── EXTRACTED MATERIAL ──

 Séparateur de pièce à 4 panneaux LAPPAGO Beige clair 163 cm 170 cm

───
── EXTRACTED MATERIAL ──

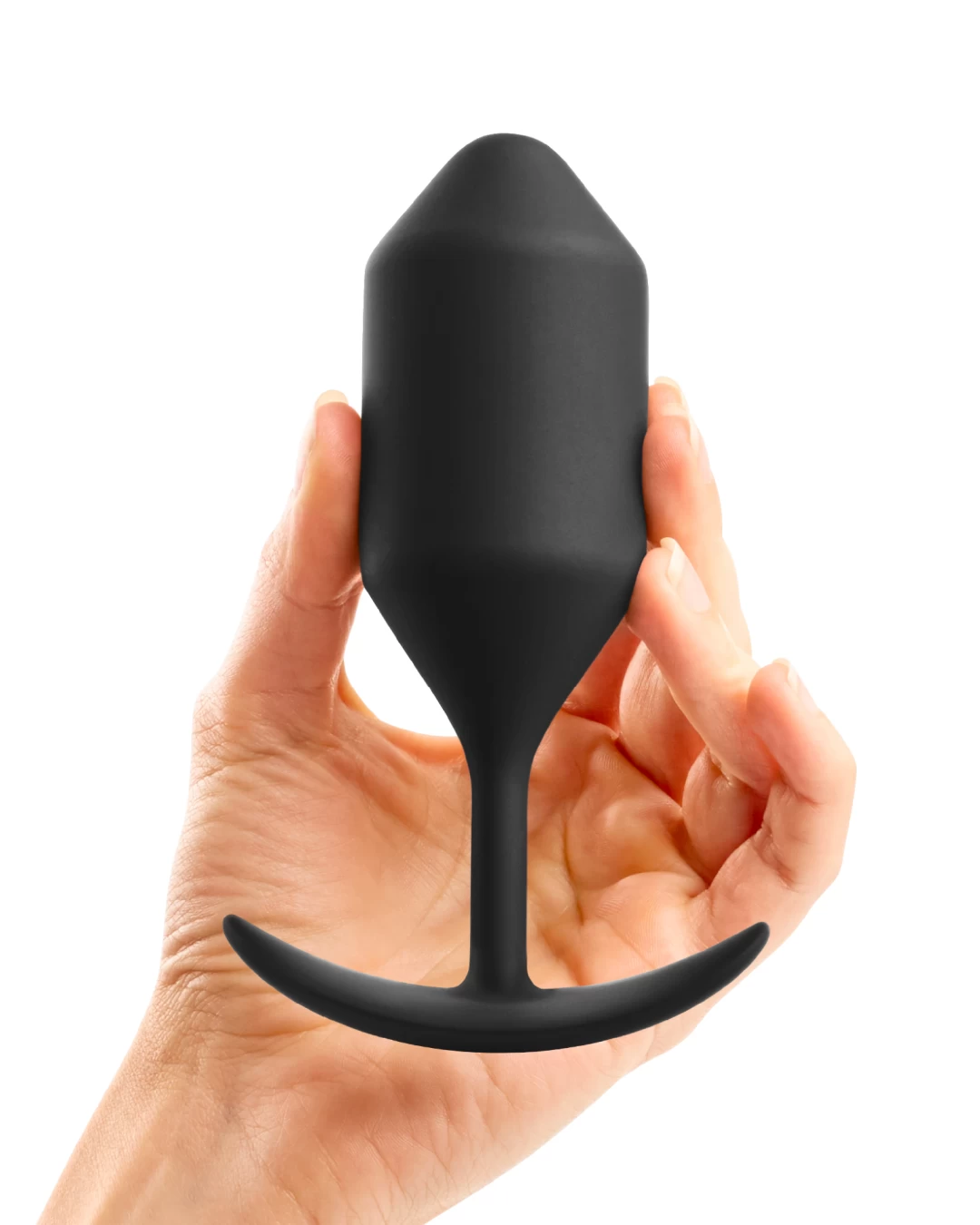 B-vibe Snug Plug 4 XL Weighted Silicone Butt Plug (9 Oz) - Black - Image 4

───
── EXTRACTED MATERIAL ──

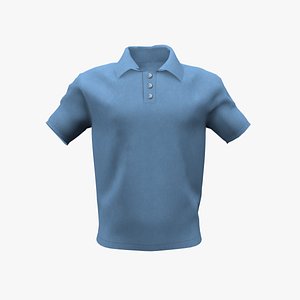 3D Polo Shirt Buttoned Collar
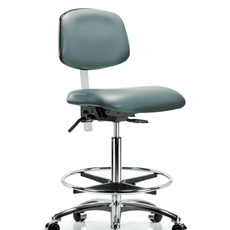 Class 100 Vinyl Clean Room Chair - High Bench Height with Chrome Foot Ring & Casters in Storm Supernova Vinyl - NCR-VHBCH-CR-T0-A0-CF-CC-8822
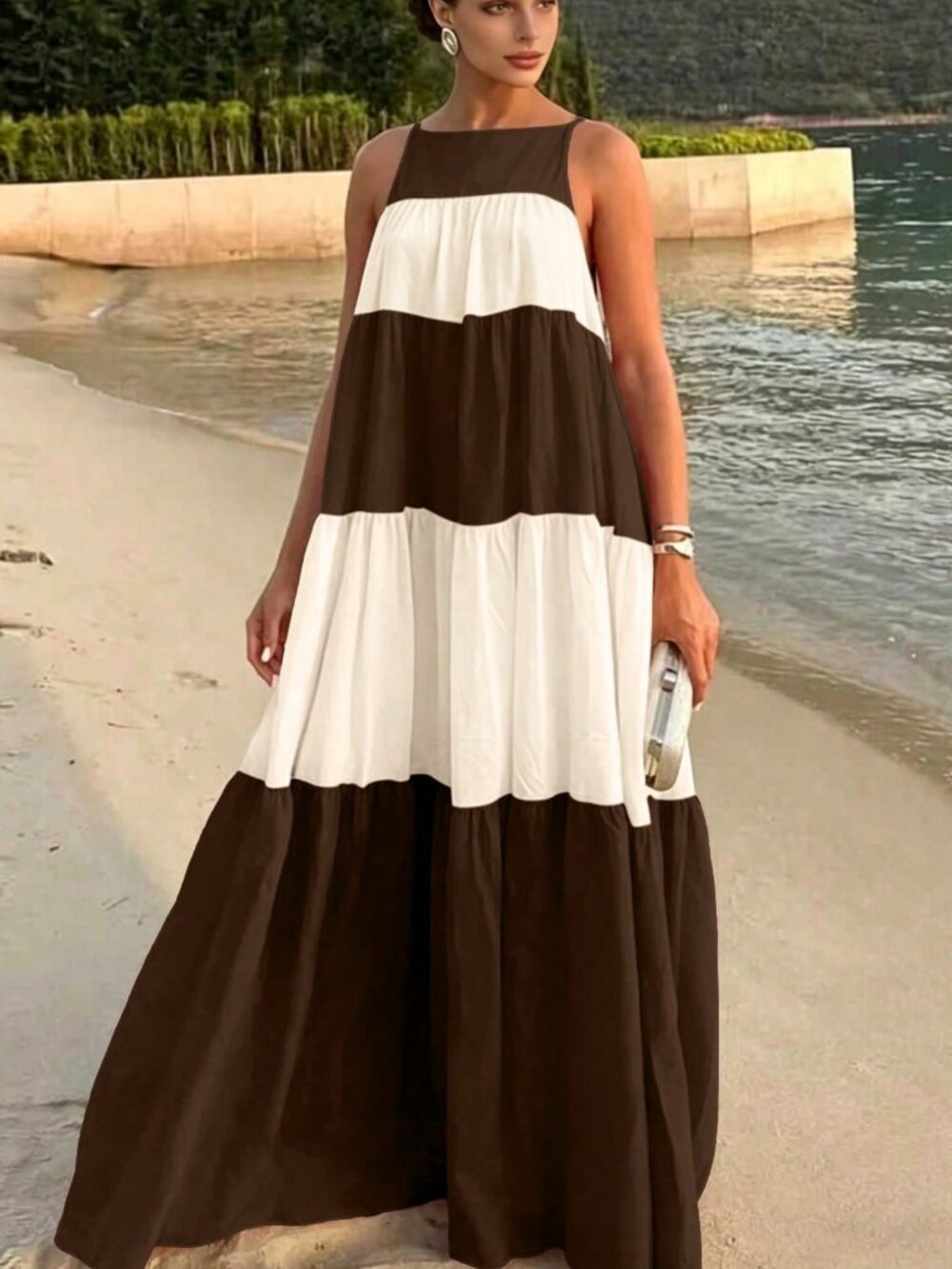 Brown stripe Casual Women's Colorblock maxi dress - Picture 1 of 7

───

◆ TASK BRIEF ◆
What do the entries above read from the line containing "Class 100 Vinyl" through the line containing "Brown stripe Casual"? Output those lines exactly, both ends included, with the pictures left out.

◆ ANSWER BELOW ◆
 Class 100 Vinyl Clean Room Chair - High Bench Height with Chrome Foot Ring & Casters in Storm Supernova Vinyl - NCR-VHBCH-CR-T0-A0-CF-CC-8822
 Brown stripe Casual Women's Colorblock maxi dress - Picture 1 of 7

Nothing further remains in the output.